Written by Paul Bryant, Chris Crow, and Michael Jibson
Directed by Chris Crow
Review by David Pitt
True story: in 1801, two lighthouse keepers were stranded on a small rocky island in The Smalls, a collection of similarly small and rocky islands off the coast of Wales. A terrible and seemingly never-ending storm left the two men, Thomas Griffiths and Thomas Howell, essentially trapped in their lighthouse quarters for several weeks, until Griffiths died. Fearing he would be accused of murder, Howell kept the body inside the lighthouse with him, until the body began to decompose. He then put the body into a makeshift coffin and attached that to the outside of the lighthouse. In the storm, the coffin slammed once too many times against the lighthouse, and Griffiths’ hand slipped out. At some point after that – presumably because you can only listen to the sound of a dead man’s hand knocking on your window so many times – Howell began his descent into insanity.
The Lighthouse is a wonderful dramatization of the ordeal. Mark Lewis Jones plays Griffiths, a lighthouse keeper like his father and grandfather before him, a crusty, no-nonsense, rather intimidating fellow; Michael Jibson, who also co-wrote the script, is Howell, younger and less experienced, a spiritual man who believes everything that happens is God’s will.
The movie takes its time establishing the relationship between the two men, which starts off as coldly cordial and evolves into something more than a working relationship but less then a friendship. It’s not the ideal situation to find common ground with someone who is in most ways utterly unlike you, being cooped up in a small room with a storm raging outside, but they find a level of peace and cooperation. And then Griffiths dies.

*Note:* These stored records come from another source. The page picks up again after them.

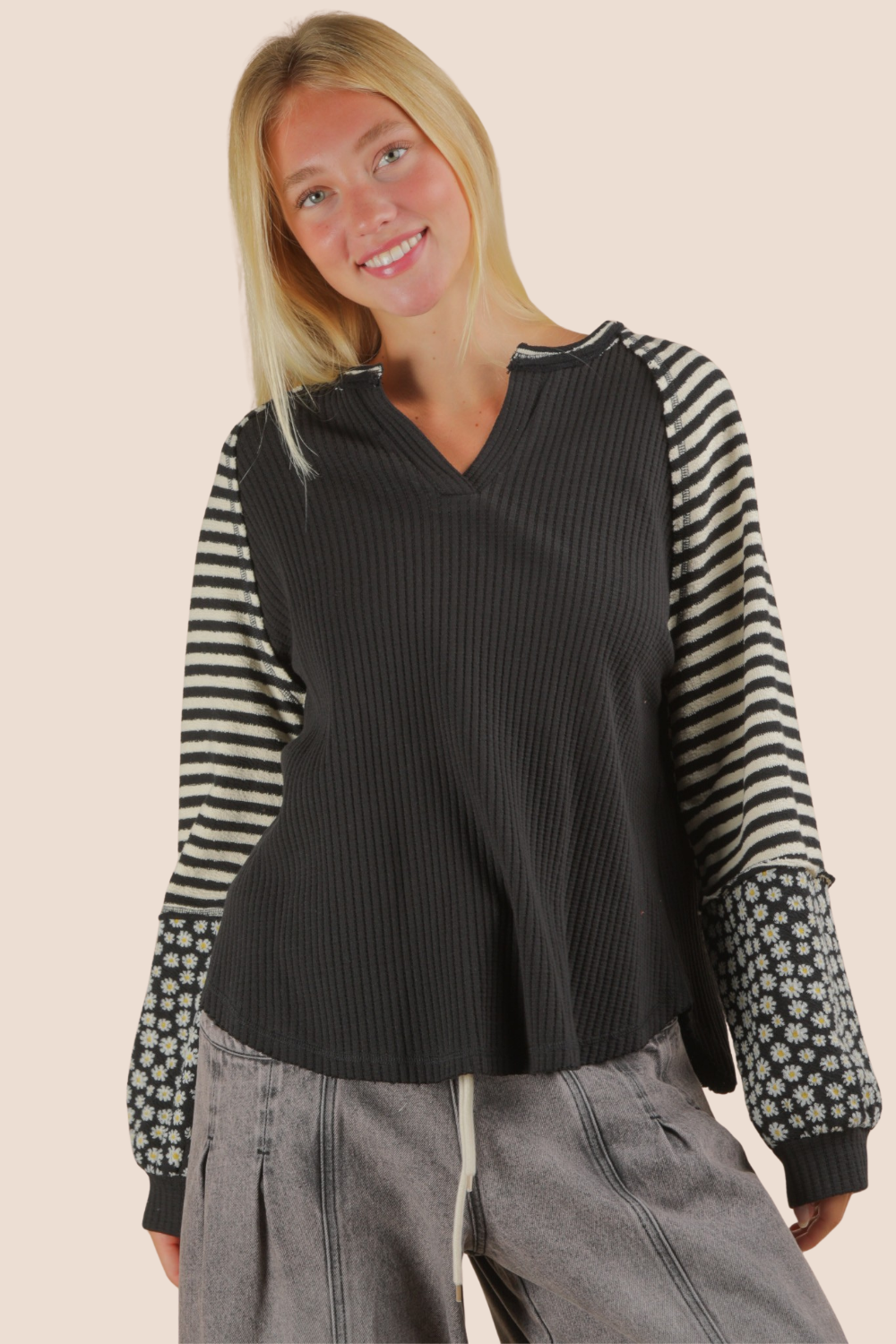 Kelsey Oversized Floral & Stripe Casual Knit Long Sleeve Top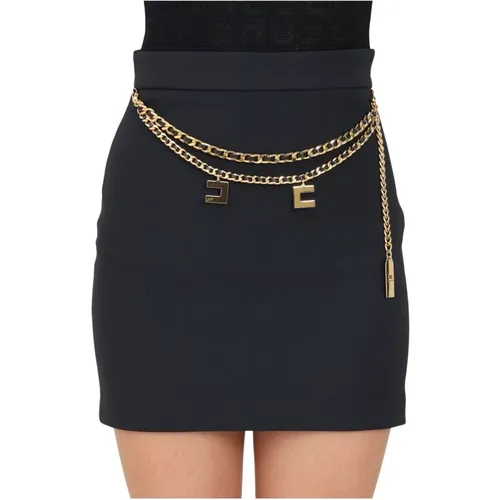 Short Skirt Double Stretch Crepe , female, Sizes: M - Elisabetta Franchi - Modalova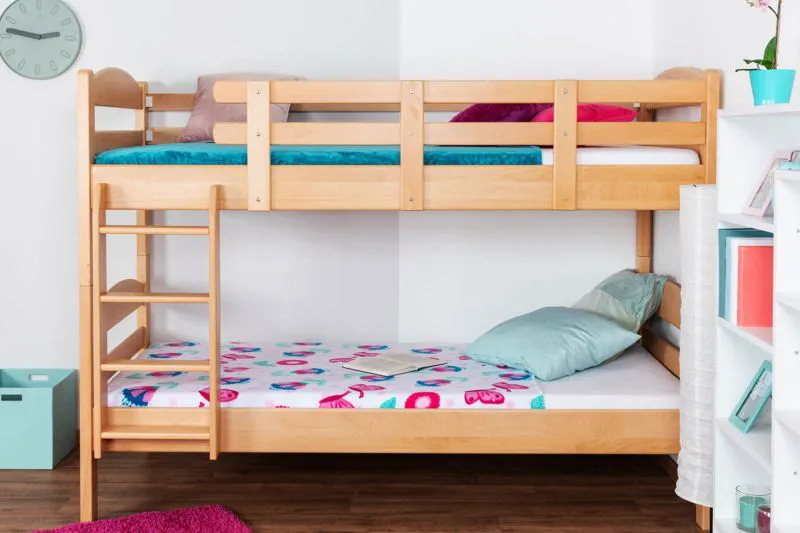 Kinderstockbett 90 x 200 cm | Massivholz: Buche | Natur Lackiert | umbaubar in 2 Einzelbetten | Premium-Qualität | inkl. Rollroste Abbildung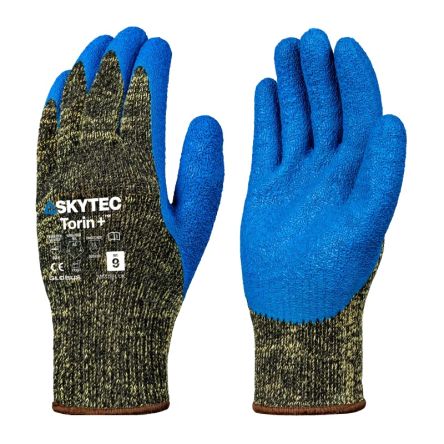Skytec Torin+ Blue, Yellow Nylon Mechanical Protection Latex Gloves Work Gloves, Size 10, Latex Coating
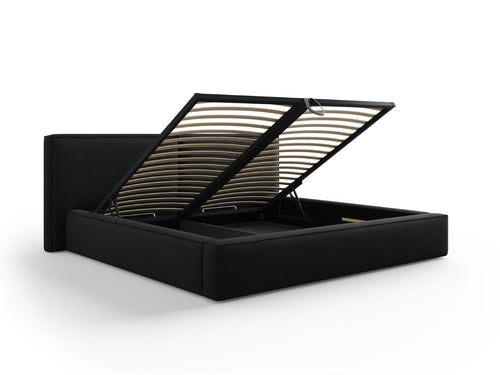 Cosmopolitan Design Opbergbed met dubbel hoofdbord Arendal 200x200cm, structurele stof, zwart - 228x251x97.5cm
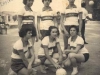 1953 – Time feminino de voleibol sanjoanense vencedor do Campeonato Colegial do Estado de São Paulo, cujas finais aconteceram no Pacaembu: em pé, Ivani Celeguini, Márcia Azevedo e Katy Backstron; agachadas, Claunice Marcon, Clélia Salomão e Marlene Legaspe.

Whether Griffiths really died the way the movie says he did, or the way other commentators on the Smalls Island tragedy have suggested, doesn’t matter. What matters is this: Howell is on his own now, cut off from the entirety of the world, with the constant noises of the storm now punctuated by the relentless pounding of Griffiths’ coffin, suspended by a strong rope, slamming against the side of the lighthouse, and if you don’t think all of that might drive a good man insane, well, we’ll have to agree to disagree.
This is a great-looking movie. The set design is exquisite: the lighthouse quarters are tiny, dimly-lit, claustrophobic. The storm effects are beautifully executed. The costumes, the props – everything looks well-used and unlike something somebody made for a movie. The performances are remarkable, too, rich in nuance (you have to pay attention to the body language in this movie) and, when the moment calls for it, downright operatic.
I know Jones and Jibson are the stars of the movie – for most of its running time, they’re the only two people in it – but what stands out more than anything is the sound design. It’s splendid. A work of art. The sounds of the wooden furniture; the noises Griffiths makes when he eats; the particular thunk a bottle makes when Jibson slams it down on a table. The storm, as much a character in the movie as the lighthouse keepers, raging and then subsiding and then raging again. And the knock-knock-knock of poor, dead Griffiths’ hand on the window.
This isn’t a ghost story. It’s not what you might call a traditional horror story. But it’s atmospheric, and then spooky, and then frightening, and then terrifying. It’s about the horror of isolation, of being trapped with no avenue of escape, and for some of us that’s the worst horror of all.